The structure is even more of an episodic mess than Malkovich; many of the scenes play like sketch humor; and the relationships between the characters seem to have been pared to the bond for this cut. (The relationship between Robbins and Arquette seems especially underdeveloped and confounding – she acts bizarrely irate at one moment, and inexplicably compliant the next.)

The audience response was tepid-to-warm. Several decent laugh lines got the crowd into it, and there were several calculated gasp-inducing scenes that worked.

These “schockers,” however, were on the level of a second-rate Farrelly Bros. Production – “My goodness, he’s jerking off!” “My goodness, she kissed a dwarf!” “My goodness, Patricia Arquette’s breasts are hairy!”

Gondry’s direction was flat. The visuals were interesting only in spots – and those spots were direct rips from his own music videos. He seems to have exhausted his visual vocabulary after a single feature.

The CGI mice were wildly uneven. While the scenes of the mice in cages were really well executed (I really BELIEVED that they were using tiny utensils to eat salad from plates!), the scenes of the mice in “the wild” were clumsy and flat – the mice seemed to be on a loop. Perhaps this is something that will be fixed in postproduction.

The editing, from a technical standpoint, was competent – the visuals flowed from one scene to another, eyelines were matched, etc. Continuity was only a problem in Tim Robbins’ “afterlife” narration scenes – the bullet wound in his forehead kept wandering from left to center to right from shot to shot.

From a strategic standpoint, the editing was a farce. Gondry is no storyteller, and Kaufman’s half-baked flashback/narration structure served only to confuse things from the outset. We never got a sense of who or what the movie was “about.” I’m not saying we necessarily had to have a Bruckheimer “high concept” here, or a clearly identified hero and villain, but in the absence of stronger jokes and gags, there needs to be a stronger storyline.

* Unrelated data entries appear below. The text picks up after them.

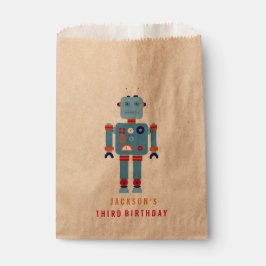 Bolsa De Papel Bolso de papel Robot Boy Party Favor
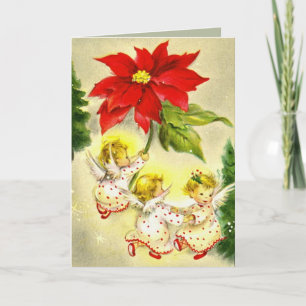 Festiva Tarjeta de felicitación Dancing Baby Angels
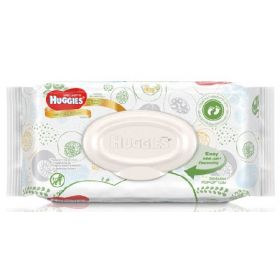 Baby Wipe Huggies Natural Care Soft Pack Purified Water / Coco-Glucoside / Aloe / Vitamin E Unscented 32 Count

The acting was flat as well. Tim Robbins was in his smug-comedic mode (Clooneyesque head-tilting and -bobbing accompanied by weaselly lip-acrobatics around his line readings) that a more experienced director might have quashed. Rhys Ifans was a peculiar casting choice (if a man were raised as an ape in the wild, wouldn’t he be all Clint-Eastwood-stringy-and-scrawny, instead of Hugh-Grant-flabby-and-pasty?); Patricia Arquette was … well, Patricia Arquette (whiny/“needy” alternating with seductive/angry); Miranda Otto seemed to have wandered in from a suppressed Pink Panther sequel; Rosie Perez seemed lost and slightly embarrassed. Only Robert Forster and Mary Kay Place, as “Nathan’s” parents, seemed to realize they were in a comedy and supposed to be “funny.” The tone chirped right up whenever they were on screen.

This will no doubt be marketed as “a Charlie Kaufman film,” or “from the writer of Being John Malkovich.” The risk they run with this approach is that more discerning viewers may come away feeling that it was just a rehash of elements from Malkovich, and a general audience will have a hard time following the story and will be unwilling to follow Kaufman’s acerbic line of attack on social mores.

On the whole, an uninspiring experience. It felt like a “very special episode” of “Ally McBeal” directed by the Farrelly Bros. – cheap kaka-peepee-handjob-midget gags in a universe where all interpersonal relationships are defined by adolescent sexual jealousies.

If they ditch the flashback structure, replace some of the missing “relationship development” scenes, and come up with a better final payoff ending (my suggestion: Miranda Otto’s character drops the fake accent, and Rhys Ifans gleefully exclaims “They bought it!; thereby implying that his whole ape-man story was a hoax), they might have more of a crowd-pleaser. The edit I saw last night seemed designed to play up the gags and the jolts at the expense of story, logic, and character development. Time to go back to the Avid and reinsert some of the “fat,” gentlemen.

The rest of the Hong Kong Kavaliers call me... PERFECT TOMMY.